Introducing Turkey To The World

A Dream... But Not Yours!

Setting itself the goal of contributing to efforts for enriching Turkey's cultural and social life, Akbank has been for long years suppporting contemporary art in the country. National Museum of Women in the Arts in Washington D.C. hosted "A Dream... But Not Yours!: Contemporary Art from Turkey" exhibition between 12th February – 16th May 2010 under the sponsorship of Akbank and DEIK (Foreign Economic Relations Board of Turkey). With Esra Sarıgedik Öktem as the curator, the exhbition featured paintings by Nevin Aladağ, Selda Asal, Merve Brill, İpek Duben, İnci Eviner, Leyla Gediz, Gülsün Karamustafa, Ceren Oykut, Canan Şenol, Ayça Telgeren and Canan Tolon.

Considering encouragement of creative work as one of its most important social responsibilities Akbank believes that inspiring diversity of approaches and supporting new ideas constitute a sound foundation for a modern and stimulating society.
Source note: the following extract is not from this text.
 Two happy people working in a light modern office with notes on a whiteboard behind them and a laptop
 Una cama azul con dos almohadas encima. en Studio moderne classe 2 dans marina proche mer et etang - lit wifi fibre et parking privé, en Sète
It is within this context that Akbank takes pride in supporting the exhibition "A Dream... But Not Yours!: Contemporary Art from Turkey" where Turkey's most prominent 11 women painters' works were displayed. ​

The exhibition aiming to bring greater originality, dynamism and a rich diversity to Turkey's modern art landscape was an exciting experience for us in offering the opportunity to share the beauties of modern art with the art lovers of the world.

Letters in Gold

An unrivalled collection of traditional calligraphy!

The metropolitan museum of art, New York, 1998!
The Los Angeles County Museum of Art, 1999!
The Louvre Museum, Paris, 2000!
Thousands of visitors to three of the world's most important museums discovered the riches of Turkey's cultural heritage.

The "Letters in Gold" exhibition of priceless works of Ottoman calligraphy chosen from the Sabancı University's Sakıp Sabancı Museum collection, sponsored by Akbank, toured the world's cultural capitals. The collection, featuring both designs and drawings put to paper 500 years ago, as well as imperial edicts and documents bearing the "tuğra", the imperial seal of the Ottoman sultans, awakened wonder and admiration around the world.